Demand for distillate fuel has received certain temporary support; however, stocks continue to be high, whereas output is expected to be higher in the months to come. Unseasonably warm weather in Northern hemisphere because of El Niño events and a severe decline in industrial demand world-wide posed as solid headwinds for distillate demand in 2015 and in the beginning of this year.
Distillate consumption in the OECD nations in the last quarter of 2015 fell 180 kb/d, whereas it declined 610 kb/d y/y in the first quarter of 2016. Meanwhile, consumption in China fell 180 kb/d in Q1 2016. The El Niño effect on distillate reversed in the second quarter and supported prices. There was a slight stability in industrial activity, whereas demand was stimulated due to farm irrigation requirements and diesel use for power generation as drought affected areas in Asia and South America switched to hydropower as alternatives.
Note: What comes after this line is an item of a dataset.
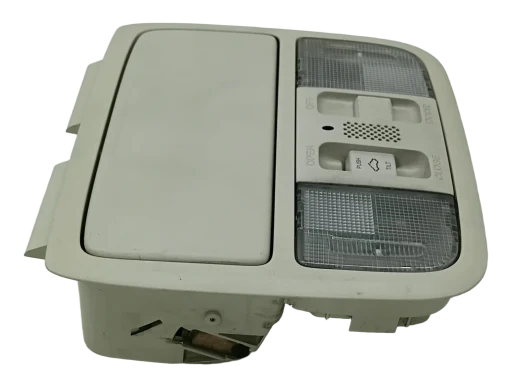 Luz Teto / Porta Óculos / Comando Teto Solar Cr-v 2012/2016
However, this factor is likely to wane in the months to come as monsoon season gets underway. Moreover, distillate stocks in several regions continue to be above normal levels in spite of the rebound in demand. This poses a threat to diesel cracks as refineries increase in the next two months.
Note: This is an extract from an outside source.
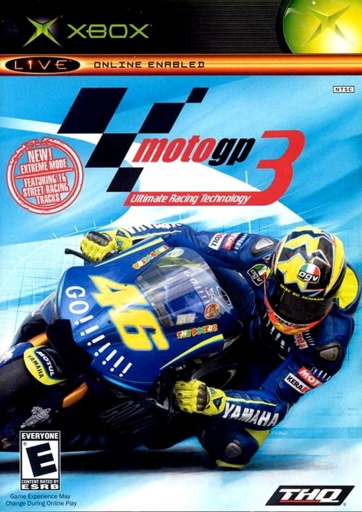 MotoGP 3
Stocks of gasoline have also increased; however, risen demand from summer should be able to support cracks at these levels. Meanwhile, gasoline market has continued to witness robust demand growth as oil complex declined and benefited from warmer northern hemisphere weather. In Q4 2015, gasoline demand in the OCED continued to be strong, rising 170kb/d, while it rose 370kb/d in the first quarter of 2016. Solid demand pushed gasoline cracks above diesel in the winter months.
“Most positive factors for gasoline were already priced into gasoline cracks heading into summer, so upside likely remains limited, but we expect them to outperform diesel cracks over the near term,” said Barclays in a research report.